The opener parameter of Python 3 open() built-in

Marco · Sep 3, 2012

Does anyone have an example of utilisation?

Dave Angel · Sep 3, 2012

Does anyone have an example of utilisation?

As of Python 3.2.3, there is no "opener" parameter in the open() function.
http://docs.python.org/py3k/library/functions.html

I don't know of any such parameter in earlier or later versions, but I
could be wrong there.

Marco · Sep 3, 2012

As of Python 3.2.3, there is no "opener" parameter in the open() function.
http://docs.python.org/py3k/library/functions.html

I don't know of any such parameter in earlier or later versions, but I
could be wrong there.

It's new in Python 3.3:

http://docs.python.org/dev/library/functions.html#open

Steven D'Aprano · Sep 4, 2012

Am 03.09.2012 14:32, schrieb Marco:

The opener argument is a new 3.3 feature. For example you can use the
feature to implement exclusive creation of a file to avoid symlink
attacks.

import os

def opener(file, flags):
return os.open(file, flags | os.O_EXCL)

open("newfile", "w", opener=opener)

Why does the open builtin need this added complexity? Why not just call
os.open directly? Or for more complex openers, just call the opener
directly?

What is the rationale for complicating open instead of telling people to
just call their opener directly?

Dennis Lee Bieber · Sep 4, 2012

Why does the open builtin need this added complexity? Why not just call
os.open directly? Or for more complex openers, just call the opener
directly?

Because os.open() returns a low-level file descriptor, not a Python
file object?

What is the rationale for complicating open instead of telling people to
just call their opener directly?

To avoid the new syntax would mean coding the example as

f = os.fdopen(os.open("newfile", flags | os.O_EXCL), "w")

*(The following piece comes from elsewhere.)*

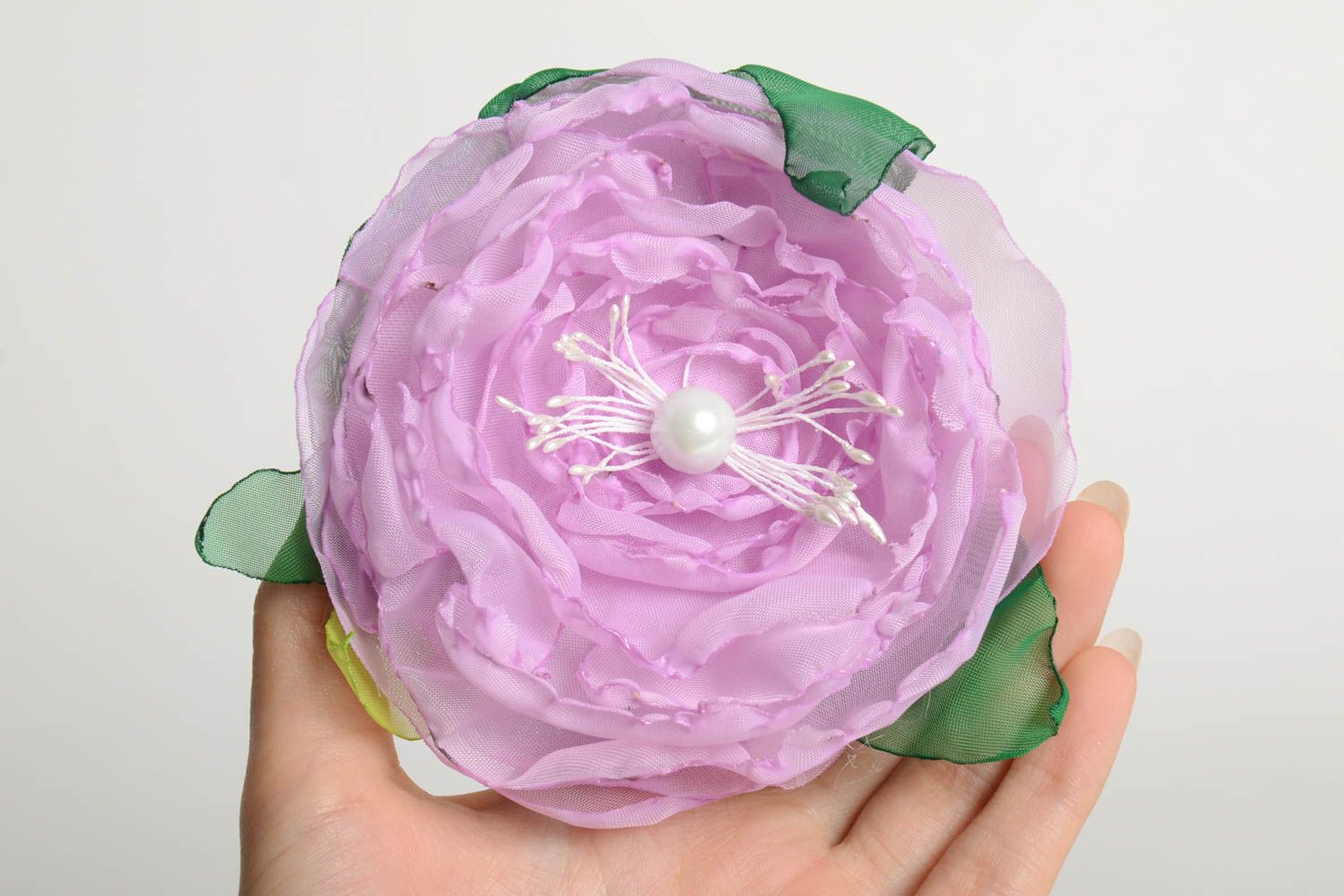 Handmade Blume Haarspange handgemachter Schmuck Accessoire für Frauen grell toll foto 5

which does NOT look any cleaner to me... Especially not if "opener" is
to be used in more than one location. Furthermore, using "opener" could
allow for a localized change to affect all open statements in the module
-- change file path, open for string I/O rather than file I/O, etc.

Steven D'Aprano · Sep 4, 2012

Because os.open() returns a low-level file descriptor, not a
Python file object?

Good point.

But you can wrap the call to os.open, as you mention below. The only
complication is that you have to give the mode twice, converting between
low-level O_* integer modes and high-level string modes:

a = os.open('/tmp/foo', os.O_WRONLY | os.O_CREAT)
b = os.fdopen(a, 'w')

But to some degree, you still have to do that with the opener argument,
at least in your own head.

To avoid the new syntax would mean coding the example as

f = os.fdopen(os.open("newfile", flags | os.O_EXCL), "w")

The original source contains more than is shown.